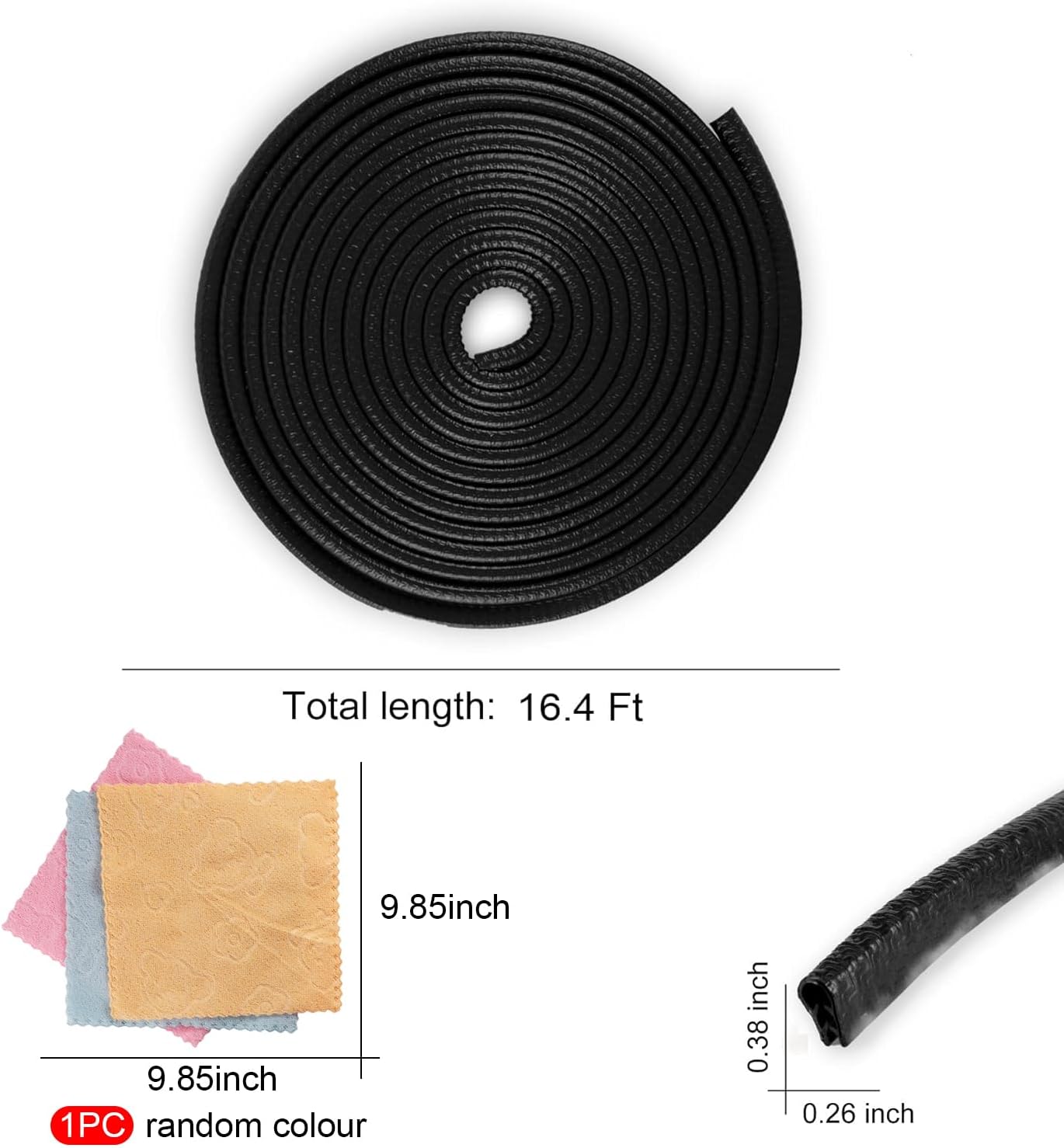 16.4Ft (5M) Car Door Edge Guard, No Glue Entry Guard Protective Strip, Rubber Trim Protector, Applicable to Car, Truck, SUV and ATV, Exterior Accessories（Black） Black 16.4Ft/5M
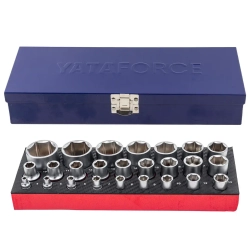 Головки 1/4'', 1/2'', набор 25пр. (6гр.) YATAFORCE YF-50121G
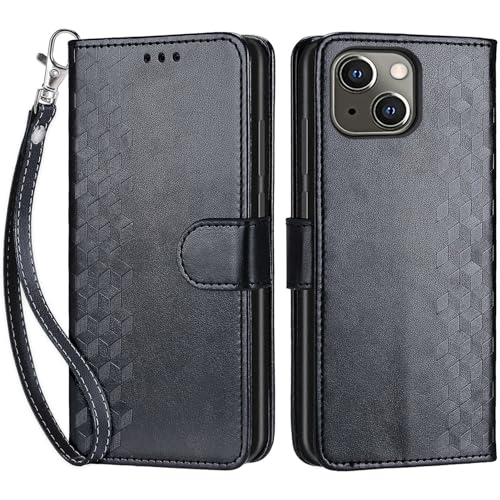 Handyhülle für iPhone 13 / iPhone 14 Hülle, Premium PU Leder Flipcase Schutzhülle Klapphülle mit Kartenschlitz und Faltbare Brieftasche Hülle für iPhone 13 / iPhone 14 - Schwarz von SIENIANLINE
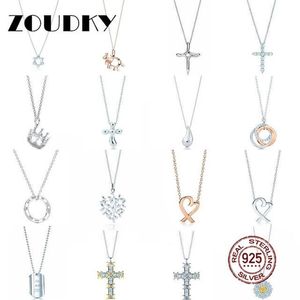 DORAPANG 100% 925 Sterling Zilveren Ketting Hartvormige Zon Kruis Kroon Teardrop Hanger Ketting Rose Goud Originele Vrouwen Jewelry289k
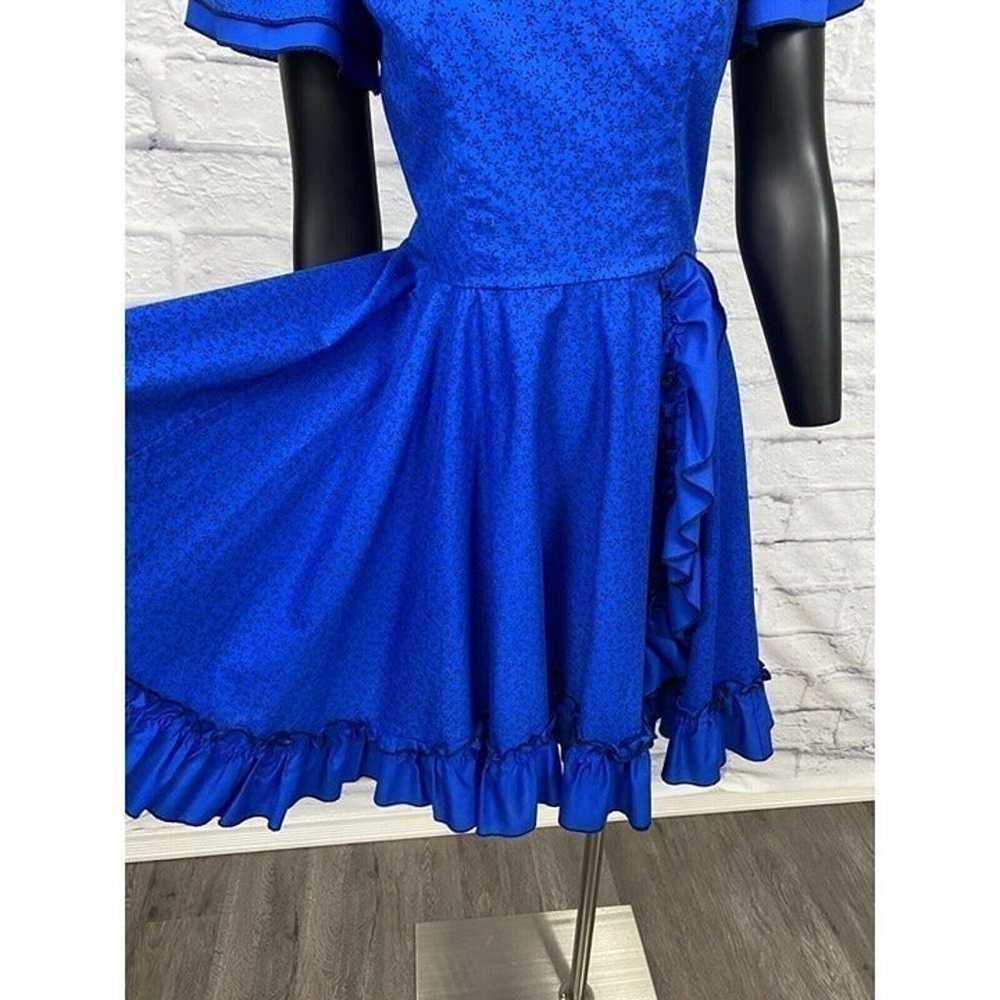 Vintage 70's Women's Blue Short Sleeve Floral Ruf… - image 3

___

### [EXERCISE DIRECTIONS]
Everything in the records except the pictures is to be repeated exactly.

### [SOLUTION TO THE PROBLEM]
 16.4Ft (5M) Car Door Edge Guard, No Glue Entry Guard Protective Strip, Rubber Trim Protector, Applicable to Car, Truck, SUV and ATV, Exterior Accessories（Black） Black 16.4Ft/5M
 Головки 1/4'', 1/2'', набор 25пр. (6гр.) YATAFORCE YF-50121G
 Handyhülle für iPhone 13 / iPhone 14 Hülle, Premium PU Leder Flipcase Schutzhülle Klapphülle mit Kartenschlitz und Faltbare Brieftasche Hülle für iPhone 13 / iPhone 14 - Schwarz von SIENIANLINE
 DORAPANG 100% 925 Sterling Zilveren Ketting Hartvormige Zon Kruis Kroon Teardrop Hanger Ketting Rose Goud Originele Vrouwen Jewelry289k
 Vintage 70's Women's Blue Short Sleeve Floral Ruf… - image 3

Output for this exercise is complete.